Work instruction: Extract only the first line of the listing and every line after it up to and including the one with "Sandwichspread Tomat &". Omit the pictures.

Input records:
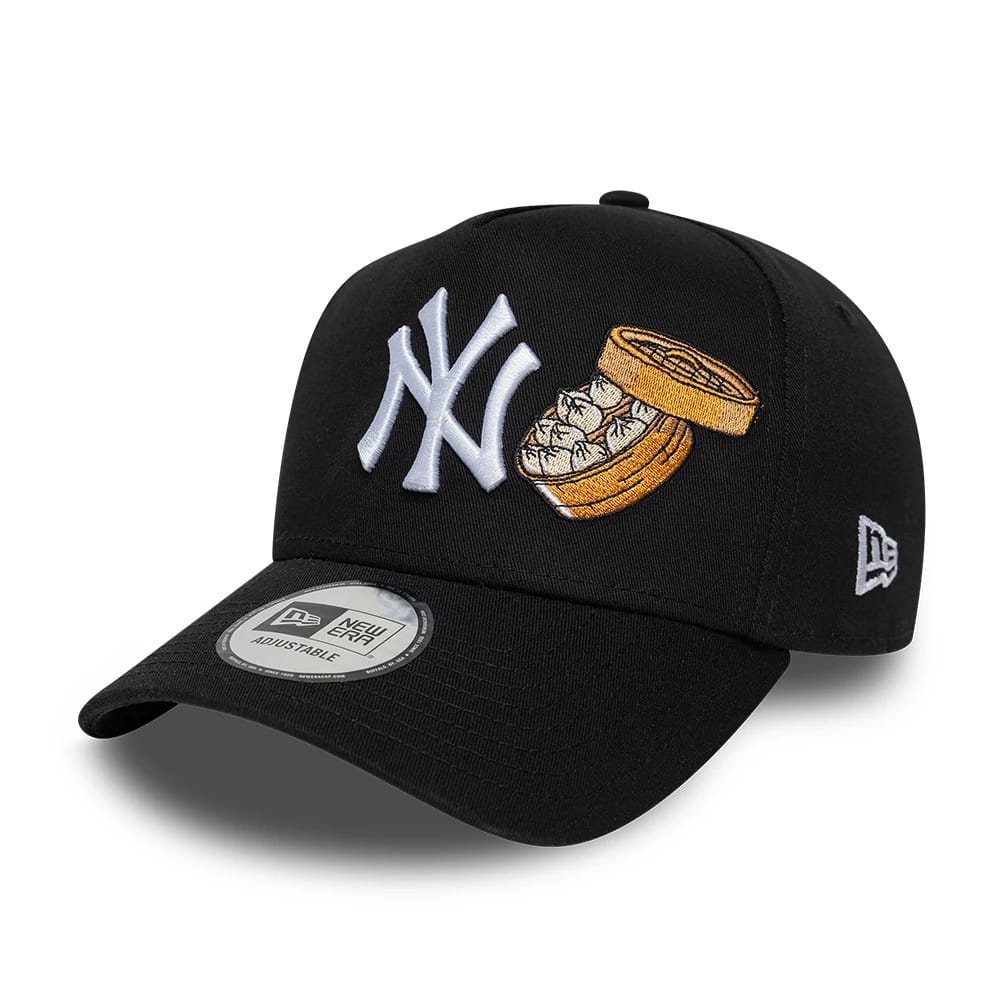 New York Yankees MLB Food Black New Era 9FORTY A-Frame Adjustable Cap, front view showing a white NY logo alongside an orange food graphic on the black crown, with a grey 9FORTY size sticker on the curved black visor.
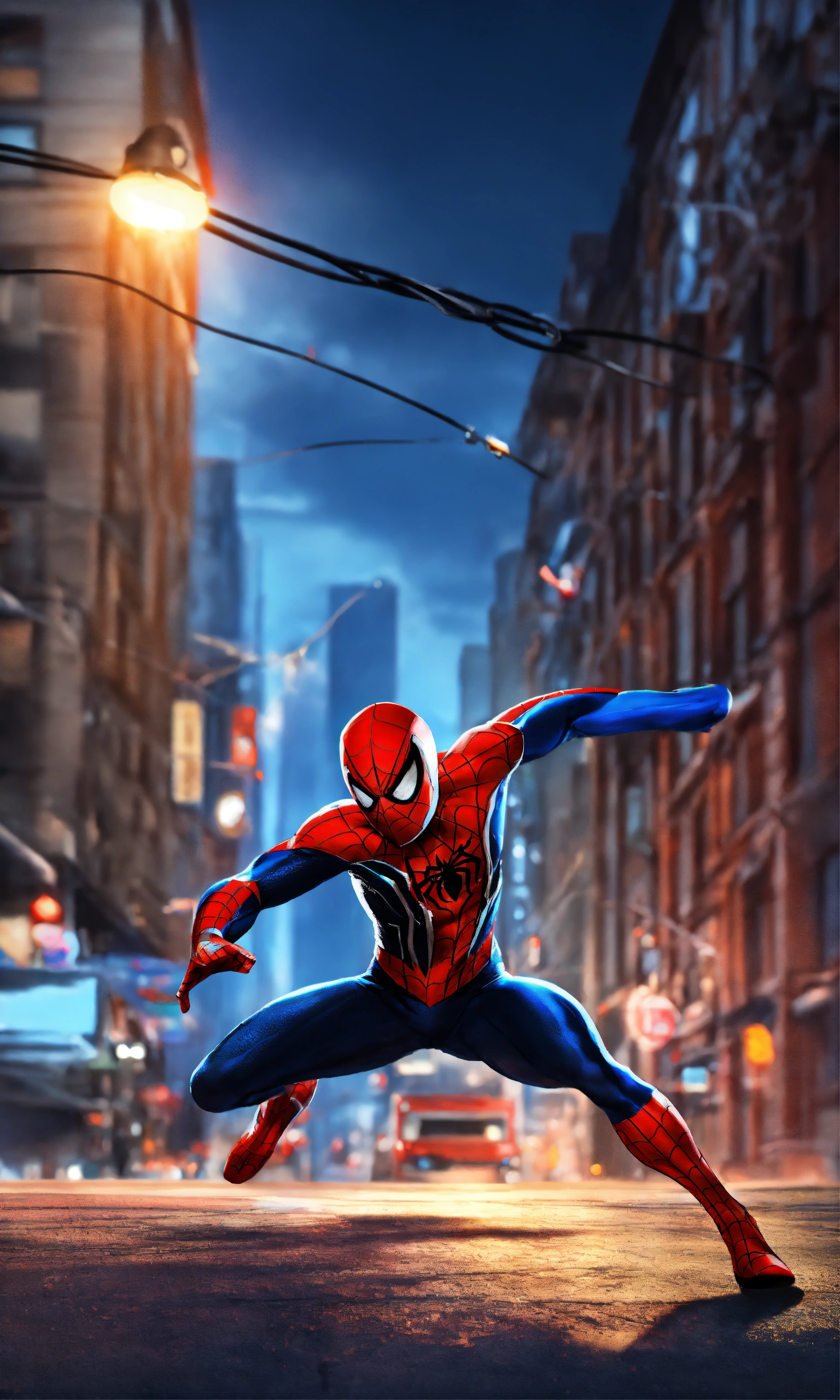 Lexica - Spiderman fighting, 2D render, city street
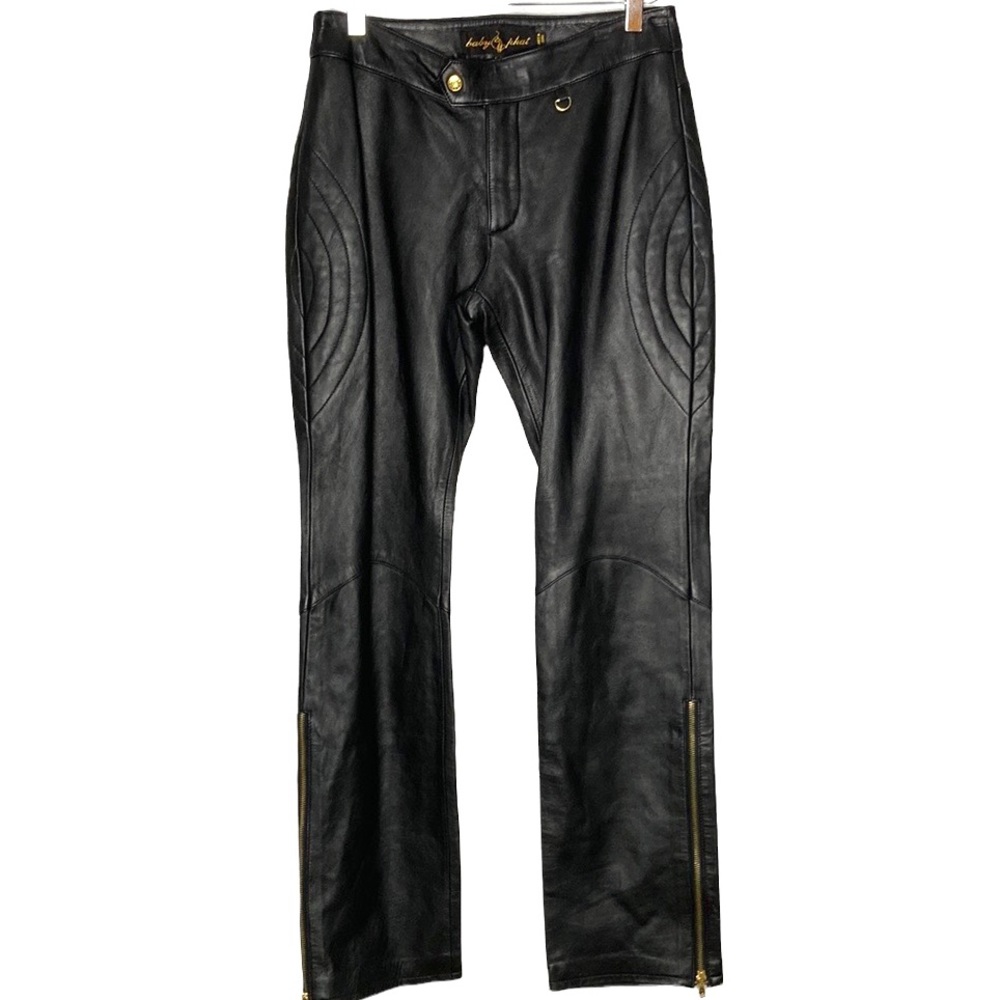 BABY PHAT BLACK LEATHER LINED BIKER PANTS W/ LEG  ZIPPERS & BACK POCKETS SZ 5/6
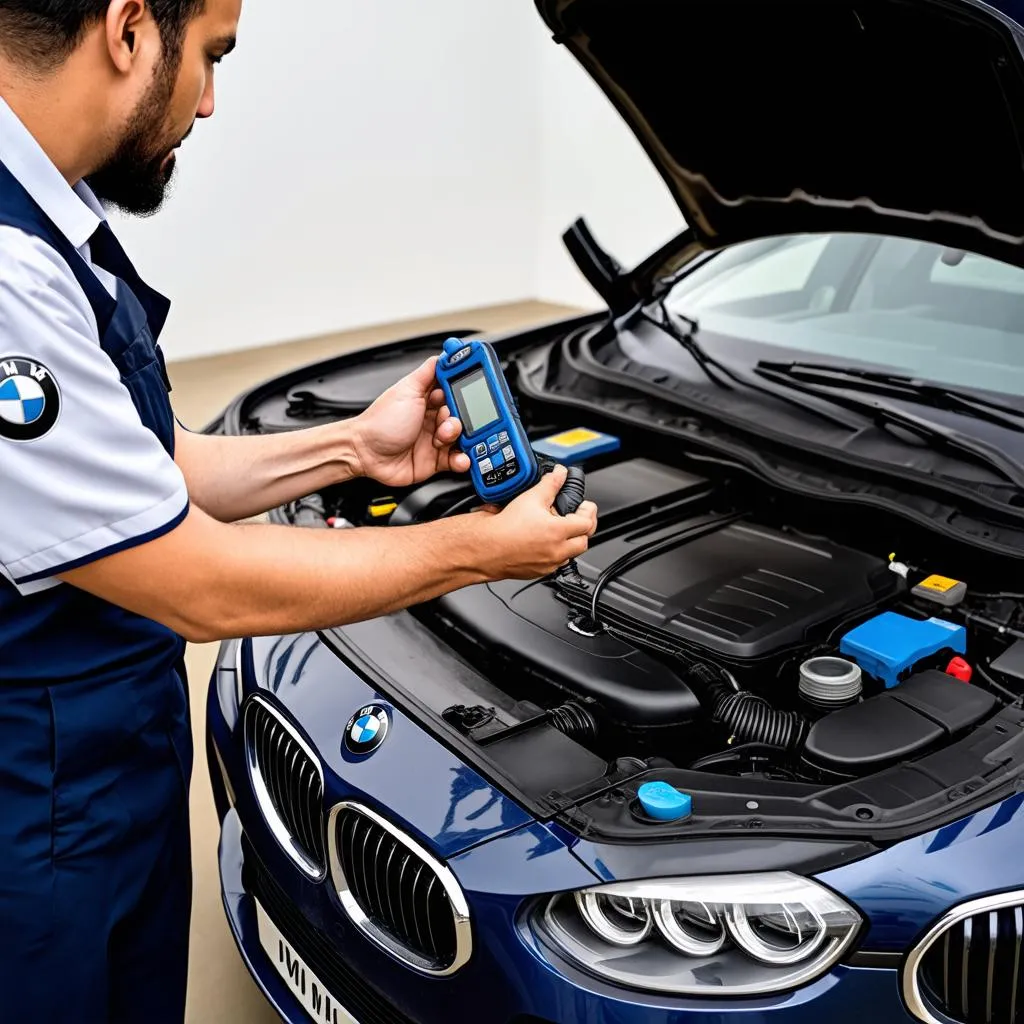 Mechanic Diagnosing BMW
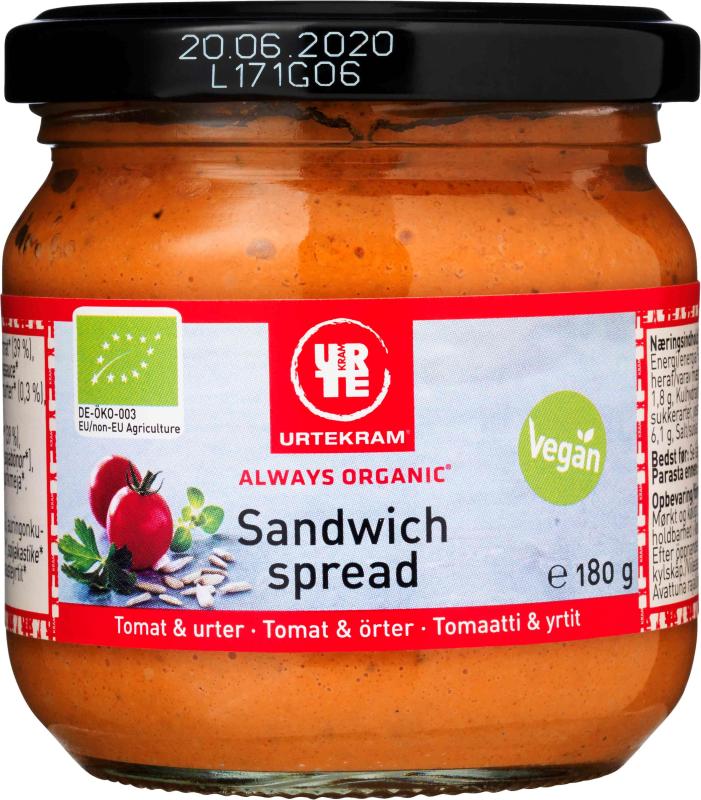 Sandwichspread Tomat & Örter EKO 2x180g Urtekram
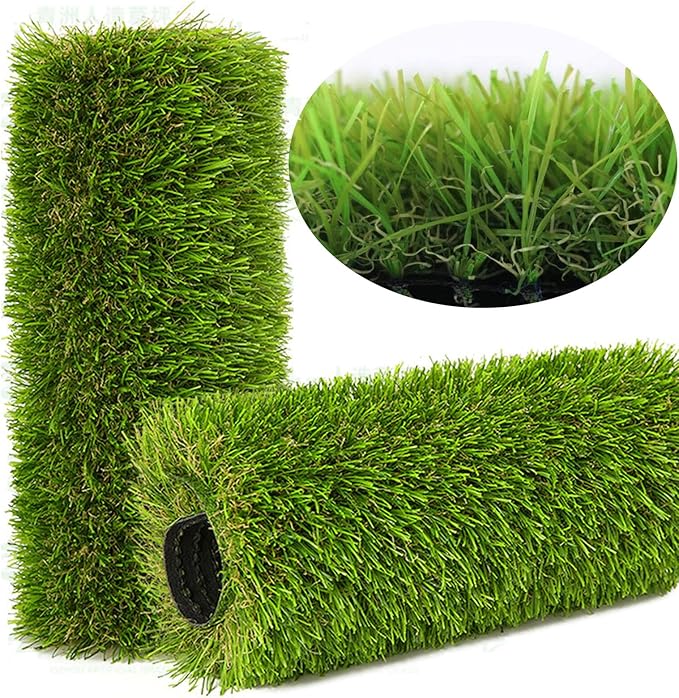 Artificial Grass Rug Outdoor Indoor 14FTX35FT Fake Grass Carpet Green Synthetic Grass Pet Turf Realistic Faux Grass Rug with Drain Holes for Garden Lawn Landscape Balcony Home Decor Patio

Finished exercise:
 New York Yankees MLB Food Black New Era 9FORTY A-Frame Adjustable Cap, front view showing a white NY logo alongside an orange food graphic on the black crown, with a grey 9FORTY size sticker on the curved black visor.
 Lexica - Spiderman fighting, 2D render, city street
 BABY PHAT BLACK LEATHER LINED BIKER PANTS W/ LEG  ZIPPERS & BACK POCKETS SZ 5/6
 Mechanic Diagnosing BMW
 Sandwichspread Tomat & Örter EKO 2x180g Urtekram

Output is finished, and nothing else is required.